Jeff Bezos, Open letter to Author’s Guild
Libraries, though, have developed lending procedures for previous versions of e-books — like the tape in “Mission: Impossible,” they evaporate after the loan period — and Bezos says that he’s open to the idea of eventually doing that with the Kindle.
Newsweek, The Future of Reading
Act IV: The act of reading
It was terribly dangerous to let your thoughts wander when you were in any public place or within range of a telescreen. The smallest thing could give you away. A nervous tic, an unconscious look of anxiety, a habit of muttering to yourself — anything that carried with it the suggestion of abnormality, of having something to hide. In any case, to wear an improper expression on your faceā¦ was itself a punishable offense. There was even a word for it in Newspeak: facecrime…
George Orwell, “1984″, Book One, Chapter 5
The Device Software will provide Amazon with data about your Device and its interaction with the Service (such as available memory, up-time, log files and signal strength) and information related to the content on your Device and your use of it (such as automatic bookmarking of the last page read and content deletions from the Device). Annotations, bookmarks, notes, highlights, or similar markings you make in your Device are backed up through the Service.
Amazon, Kindle Terms of Service
Act V: The act of remembering
Another possible change: with connected books, the tether between the author and the book is still active after purchase. Errata can be corrected instantly. Updates, no problem.
Newsweek, The Future of Reading
Day by day and almost minute by minute the past was brought up to date. In this way every prediction made by the Party could be shown by documentary evidence to have been correct; nor was any item of news, or any expression of opinion, which conflicted with the needs of the moment, ever allowed to remain on record. All history was a palimpsest, scraped clean and reinscribed exactly as often as was necessary.
George Orwell, “1984″, Book One, Chapter 3
Act VI: The act of learning
If they can somehow strike a deal with textbook publishers, I could see a lot of college students switching to this.
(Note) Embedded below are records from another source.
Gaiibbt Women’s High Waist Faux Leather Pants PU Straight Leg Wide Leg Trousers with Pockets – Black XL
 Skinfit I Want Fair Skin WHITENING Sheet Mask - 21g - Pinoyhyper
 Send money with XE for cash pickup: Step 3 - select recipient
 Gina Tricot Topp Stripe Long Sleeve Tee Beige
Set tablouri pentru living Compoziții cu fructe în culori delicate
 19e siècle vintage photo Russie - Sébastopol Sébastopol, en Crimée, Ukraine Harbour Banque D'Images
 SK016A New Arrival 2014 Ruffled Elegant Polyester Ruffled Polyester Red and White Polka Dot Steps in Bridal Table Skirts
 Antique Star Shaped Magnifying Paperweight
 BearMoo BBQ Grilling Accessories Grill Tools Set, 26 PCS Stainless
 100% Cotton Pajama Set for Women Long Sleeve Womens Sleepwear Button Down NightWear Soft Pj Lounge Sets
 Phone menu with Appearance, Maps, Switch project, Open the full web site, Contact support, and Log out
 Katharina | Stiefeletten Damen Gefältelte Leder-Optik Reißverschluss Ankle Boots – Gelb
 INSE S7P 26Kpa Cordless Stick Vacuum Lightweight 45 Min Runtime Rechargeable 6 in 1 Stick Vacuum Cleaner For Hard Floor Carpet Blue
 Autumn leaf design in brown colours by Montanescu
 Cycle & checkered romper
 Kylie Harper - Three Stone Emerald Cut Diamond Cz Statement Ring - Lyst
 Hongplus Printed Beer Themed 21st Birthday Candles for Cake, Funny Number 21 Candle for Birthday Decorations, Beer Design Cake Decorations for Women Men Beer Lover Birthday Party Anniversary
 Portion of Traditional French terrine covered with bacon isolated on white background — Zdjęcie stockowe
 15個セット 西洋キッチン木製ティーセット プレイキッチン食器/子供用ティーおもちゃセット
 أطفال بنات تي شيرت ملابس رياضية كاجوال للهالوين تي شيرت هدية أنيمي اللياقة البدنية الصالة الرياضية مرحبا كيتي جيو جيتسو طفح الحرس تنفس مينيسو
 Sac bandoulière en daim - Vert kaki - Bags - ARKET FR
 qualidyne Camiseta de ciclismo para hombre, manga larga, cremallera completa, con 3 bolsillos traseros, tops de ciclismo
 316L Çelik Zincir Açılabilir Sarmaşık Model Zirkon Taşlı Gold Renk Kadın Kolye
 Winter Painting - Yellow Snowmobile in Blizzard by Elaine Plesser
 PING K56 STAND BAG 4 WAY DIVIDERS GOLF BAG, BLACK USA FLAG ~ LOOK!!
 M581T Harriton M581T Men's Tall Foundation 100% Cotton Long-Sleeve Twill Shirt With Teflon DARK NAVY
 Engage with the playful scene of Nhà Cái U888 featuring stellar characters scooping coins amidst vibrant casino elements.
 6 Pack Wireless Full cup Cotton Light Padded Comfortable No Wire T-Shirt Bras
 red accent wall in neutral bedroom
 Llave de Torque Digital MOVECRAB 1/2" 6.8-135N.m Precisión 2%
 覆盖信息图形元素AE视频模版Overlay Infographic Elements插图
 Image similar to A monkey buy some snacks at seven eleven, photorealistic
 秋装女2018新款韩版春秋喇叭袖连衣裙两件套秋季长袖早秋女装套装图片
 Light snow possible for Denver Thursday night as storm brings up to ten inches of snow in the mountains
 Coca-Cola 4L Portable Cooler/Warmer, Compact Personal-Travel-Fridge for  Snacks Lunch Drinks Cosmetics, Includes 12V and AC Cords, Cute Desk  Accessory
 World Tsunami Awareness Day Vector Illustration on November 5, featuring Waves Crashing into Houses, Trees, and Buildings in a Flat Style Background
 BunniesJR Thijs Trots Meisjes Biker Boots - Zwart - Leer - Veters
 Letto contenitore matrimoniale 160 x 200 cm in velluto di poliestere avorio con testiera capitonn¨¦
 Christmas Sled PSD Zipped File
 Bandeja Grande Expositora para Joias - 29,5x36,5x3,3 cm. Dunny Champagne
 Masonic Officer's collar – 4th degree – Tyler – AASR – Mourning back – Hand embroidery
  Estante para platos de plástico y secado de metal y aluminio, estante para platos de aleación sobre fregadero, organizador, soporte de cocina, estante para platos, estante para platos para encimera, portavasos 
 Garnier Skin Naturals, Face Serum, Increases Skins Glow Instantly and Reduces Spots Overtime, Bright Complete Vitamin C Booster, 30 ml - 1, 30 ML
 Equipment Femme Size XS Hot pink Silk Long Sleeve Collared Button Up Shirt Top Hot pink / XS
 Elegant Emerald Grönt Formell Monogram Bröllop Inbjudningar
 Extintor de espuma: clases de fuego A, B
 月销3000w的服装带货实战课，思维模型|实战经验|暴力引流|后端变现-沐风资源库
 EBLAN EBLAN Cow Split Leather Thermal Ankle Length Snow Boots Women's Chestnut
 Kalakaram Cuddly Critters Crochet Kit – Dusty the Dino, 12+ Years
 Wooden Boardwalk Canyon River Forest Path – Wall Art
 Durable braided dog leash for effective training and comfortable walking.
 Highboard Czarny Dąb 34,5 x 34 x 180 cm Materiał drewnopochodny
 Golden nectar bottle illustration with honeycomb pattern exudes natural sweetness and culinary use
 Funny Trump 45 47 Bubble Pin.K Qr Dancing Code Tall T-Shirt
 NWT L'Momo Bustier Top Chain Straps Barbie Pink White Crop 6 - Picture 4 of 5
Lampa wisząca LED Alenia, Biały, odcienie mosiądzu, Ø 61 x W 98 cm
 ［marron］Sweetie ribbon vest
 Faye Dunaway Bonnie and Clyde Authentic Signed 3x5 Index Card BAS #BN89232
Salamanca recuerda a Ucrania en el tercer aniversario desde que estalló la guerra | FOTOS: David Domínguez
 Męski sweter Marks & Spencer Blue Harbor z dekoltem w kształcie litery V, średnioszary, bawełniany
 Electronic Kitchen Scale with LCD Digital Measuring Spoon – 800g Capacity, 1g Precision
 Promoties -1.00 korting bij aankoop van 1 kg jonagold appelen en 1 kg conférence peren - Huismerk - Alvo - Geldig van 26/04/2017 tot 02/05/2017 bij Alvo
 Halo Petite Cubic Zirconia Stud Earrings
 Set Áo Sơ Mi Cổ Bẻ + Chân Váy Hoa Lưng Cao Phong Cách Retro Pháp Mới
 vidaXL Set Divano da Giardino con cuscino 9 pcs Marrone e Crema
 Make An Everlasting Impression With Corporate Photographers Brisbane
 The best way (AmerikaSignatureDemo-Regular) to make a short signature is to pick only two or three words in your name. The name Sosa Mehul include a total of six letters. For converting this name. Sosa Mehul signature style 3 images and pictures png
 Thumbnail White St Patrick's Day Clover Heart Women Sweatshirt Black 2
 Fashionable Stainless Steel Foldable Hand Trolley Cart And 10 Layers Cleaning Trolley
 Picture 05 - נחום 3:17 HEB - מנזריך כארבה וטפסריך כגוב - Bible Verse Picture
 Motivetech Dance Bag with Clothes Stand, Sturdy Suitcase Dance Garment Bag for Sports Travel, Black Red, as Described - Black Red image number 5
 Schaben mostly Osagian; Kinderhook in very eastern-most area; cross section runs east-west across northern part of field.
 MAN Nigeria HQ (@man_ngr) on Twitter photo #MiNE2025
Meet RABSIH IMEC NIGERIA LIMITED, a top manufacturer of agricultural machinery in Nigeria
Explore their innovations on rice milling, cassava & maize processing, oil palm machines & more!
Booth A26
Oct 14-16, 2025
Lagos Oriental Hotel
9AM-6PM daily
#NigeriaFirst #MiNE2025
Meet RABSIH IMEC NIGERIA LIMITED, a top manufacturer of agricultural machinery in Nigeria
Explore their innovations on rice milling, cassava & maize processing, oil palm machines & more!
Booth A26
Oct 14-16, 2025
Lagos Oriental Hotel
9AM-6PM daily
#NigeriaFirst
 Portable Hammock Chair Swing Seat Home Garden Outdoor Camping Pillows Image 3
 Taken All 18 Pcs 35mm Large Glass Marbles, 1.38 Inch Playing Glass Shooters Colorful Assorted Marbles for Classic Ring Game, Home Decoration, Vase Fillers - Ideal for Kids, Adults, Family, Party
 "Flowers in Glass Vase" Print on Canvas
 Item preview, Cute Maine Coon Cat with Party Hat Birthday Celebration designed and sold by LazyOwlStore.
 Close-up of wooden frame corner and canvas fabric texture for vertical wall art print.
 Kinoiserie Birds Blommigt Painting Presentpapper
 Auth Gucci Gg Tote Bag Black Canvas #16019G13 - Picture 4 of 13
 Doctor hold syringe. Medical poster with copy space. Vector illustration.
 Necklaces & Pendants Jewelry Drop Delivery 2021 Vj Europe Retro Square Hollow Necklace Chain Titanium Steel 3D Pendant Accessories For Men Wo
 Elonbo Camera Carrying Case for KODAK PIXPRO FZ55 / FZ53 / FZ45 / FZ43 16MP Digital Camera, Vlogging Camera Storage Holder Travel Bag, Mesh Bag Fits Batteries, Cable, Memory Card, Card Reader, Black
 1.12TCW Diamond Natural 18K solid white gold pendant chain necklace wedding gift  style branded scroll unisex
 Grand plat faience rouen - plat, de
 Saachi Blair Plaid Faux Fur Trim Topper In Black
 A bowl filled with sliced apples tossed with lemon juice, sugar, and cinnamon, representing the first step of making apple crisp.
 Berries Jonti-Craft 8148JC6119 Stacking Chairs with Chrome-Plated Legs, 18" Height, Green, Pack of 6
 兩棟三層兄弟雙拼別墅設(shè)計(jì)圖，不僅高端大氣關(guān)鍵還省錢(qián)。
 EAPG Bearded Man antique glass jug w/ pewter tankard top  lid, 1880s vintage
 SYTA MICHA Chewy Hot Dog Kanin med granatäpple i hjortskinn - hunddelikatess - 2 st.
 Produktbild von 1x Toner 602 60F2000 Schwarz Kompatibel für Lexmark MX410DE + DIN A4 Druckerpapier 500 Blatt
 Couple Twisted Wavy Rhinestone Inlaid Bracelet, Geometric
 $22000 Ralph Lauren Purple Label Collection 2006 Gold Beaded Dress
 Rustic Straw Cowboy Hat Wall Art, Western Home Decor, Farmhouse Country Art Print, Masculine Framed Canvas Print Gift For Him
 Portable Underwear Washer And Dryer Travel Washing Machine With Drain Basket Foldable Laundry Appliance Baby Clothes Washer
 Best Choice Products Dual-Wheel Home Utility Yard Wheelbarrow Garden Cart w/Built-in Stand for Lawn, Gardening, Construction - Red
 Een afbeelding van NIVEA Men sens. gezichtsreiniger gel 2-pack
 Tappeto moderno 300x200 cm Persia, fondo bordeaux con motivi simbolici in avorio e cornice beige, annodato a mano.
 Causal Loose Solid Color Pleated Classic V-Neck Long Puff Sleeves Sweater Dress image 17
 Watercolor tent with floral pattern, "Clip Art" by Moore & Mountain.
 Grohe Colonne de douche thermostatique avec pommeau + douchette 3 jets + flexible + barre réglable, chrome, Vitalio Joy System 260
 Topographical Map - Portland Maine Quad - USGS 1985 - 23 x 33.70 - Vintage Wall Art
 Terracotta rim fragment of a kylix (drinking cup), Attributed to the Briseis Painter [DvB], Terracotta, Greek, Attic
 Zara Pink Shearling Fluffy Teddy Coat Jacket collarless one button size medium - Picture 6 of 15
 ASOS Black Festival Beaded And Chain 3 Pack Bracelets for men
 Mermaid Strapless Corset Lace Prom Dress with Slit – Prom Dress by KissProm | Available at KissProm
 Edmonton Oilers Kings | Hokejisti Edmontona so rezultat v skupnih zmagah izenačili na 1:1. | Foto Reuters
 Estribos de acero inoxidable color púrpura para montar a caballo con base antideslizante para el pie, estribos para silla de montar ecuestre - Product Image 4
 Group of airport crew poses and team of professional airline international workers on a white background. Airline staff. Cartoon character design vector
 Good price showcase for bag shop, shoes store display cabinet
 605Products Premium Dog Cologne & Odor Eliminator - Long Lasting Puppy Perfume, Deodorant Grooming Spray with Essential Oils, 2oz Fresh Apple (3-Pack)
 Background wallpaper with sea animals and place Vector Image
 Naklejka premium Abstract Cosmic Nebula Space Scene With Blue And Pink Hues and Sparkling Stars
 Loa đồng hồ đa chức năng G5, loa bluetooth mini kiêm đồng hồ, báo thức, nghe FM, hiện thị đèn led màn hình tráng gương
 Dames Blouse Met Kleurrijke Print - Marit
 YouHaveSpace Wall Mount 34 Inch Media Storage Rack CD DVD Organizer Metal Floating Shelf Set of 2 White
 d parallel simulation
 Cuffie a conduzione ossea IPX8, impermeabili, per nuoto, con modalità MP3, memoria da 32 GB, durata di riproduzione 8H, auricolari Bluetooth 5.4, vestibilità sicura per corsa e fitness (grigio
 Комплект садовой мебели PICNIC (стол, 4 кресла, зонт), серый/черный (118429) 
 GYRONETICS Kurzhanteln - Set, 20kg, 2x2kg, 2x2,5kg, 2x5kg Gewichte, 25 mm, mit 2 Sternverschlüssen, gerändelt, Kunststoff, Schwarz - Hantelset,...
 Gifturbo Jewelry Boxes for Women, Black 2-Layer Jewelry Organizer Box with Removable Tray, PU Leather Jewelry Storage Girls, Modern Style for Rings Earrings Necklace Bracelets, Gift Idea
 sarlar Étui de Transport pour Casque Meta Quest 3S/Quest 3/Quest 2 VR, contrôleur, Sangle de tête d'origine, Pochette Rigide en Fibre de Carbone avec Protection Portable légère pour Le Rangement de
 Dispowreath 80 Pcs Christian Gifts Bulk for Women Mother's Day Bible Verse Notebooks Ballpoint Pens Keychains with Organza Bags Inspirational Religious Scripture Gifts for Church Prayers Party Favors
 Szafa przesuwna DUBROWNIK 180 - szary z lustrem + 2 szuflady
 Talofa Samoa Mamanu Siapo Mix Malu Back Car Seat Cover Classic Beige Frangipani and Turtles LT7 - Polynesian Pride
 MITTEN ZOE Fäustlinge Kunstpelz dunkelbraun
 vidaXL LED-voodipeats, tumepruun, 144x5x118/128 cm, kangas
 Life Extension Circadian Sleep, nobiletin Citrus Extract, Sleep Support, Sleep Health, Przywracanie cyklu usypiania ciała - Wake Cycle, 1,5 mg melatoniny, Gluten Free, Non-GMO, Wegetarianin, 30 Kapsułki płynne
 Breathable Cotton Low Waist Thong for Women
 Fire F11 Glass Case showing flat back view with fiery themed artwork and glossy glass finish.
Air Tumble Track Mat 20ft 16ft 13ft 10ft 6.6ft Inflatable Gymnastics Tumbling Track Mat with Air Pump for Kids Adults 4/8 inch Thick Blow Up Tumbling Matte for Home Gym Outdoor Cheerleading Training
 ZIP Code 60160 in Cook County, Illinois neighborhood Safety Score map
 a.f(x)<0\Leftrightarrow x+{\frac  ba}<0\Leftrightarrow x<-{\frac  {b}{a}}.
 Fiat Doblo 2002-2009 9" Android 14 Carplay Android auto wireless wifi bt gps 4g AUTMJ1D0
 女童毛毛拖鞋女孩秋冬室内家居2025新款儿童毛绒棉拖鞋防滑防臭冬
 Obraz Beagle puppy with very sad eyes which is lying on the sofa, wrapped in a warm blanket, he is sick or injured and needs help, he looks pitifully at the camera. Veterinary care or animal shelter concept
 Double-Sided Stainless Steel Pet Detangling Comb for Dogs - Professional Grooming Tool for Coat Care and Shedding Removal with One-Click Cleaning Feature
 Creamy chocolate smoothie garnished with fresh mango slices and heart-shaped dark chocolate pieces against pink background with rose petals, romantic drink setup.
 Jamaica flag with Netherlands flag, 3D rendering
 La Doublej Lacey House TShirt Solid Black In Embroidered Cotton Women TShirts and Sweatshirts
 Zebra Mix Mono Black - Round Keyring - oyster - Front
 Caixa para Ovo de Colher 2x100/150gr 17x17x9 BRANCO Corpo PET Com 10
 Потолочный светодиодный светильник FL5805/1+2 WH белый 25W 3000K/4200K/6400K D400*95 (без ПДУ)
Get rid of all your text books and have this single electronic device.
School policy was that any interference with their means of monitoring students’ computer use was grounds for disciplinary action. It didn’t matter whether you did anything harmful — the offense was making it hard for the administrators to check on you. They assumed this meant you were doing something else forbidden, and they did not need to know what it was.
Students were not usually expelled for this — not directly. Instead they were banned from the school computer systems, and would inevitably fail all their classes.
Richard Stallman, The Right to Read
Your rights under this Agreement will automatically terminate without notice from Amazon if you fail to comply with any term of this Agreement. In case of such termination, you must cease all use of the Software and Amazon may immediately revoke your access to the Service or to Digital Content without notice to you and without refund of any fees.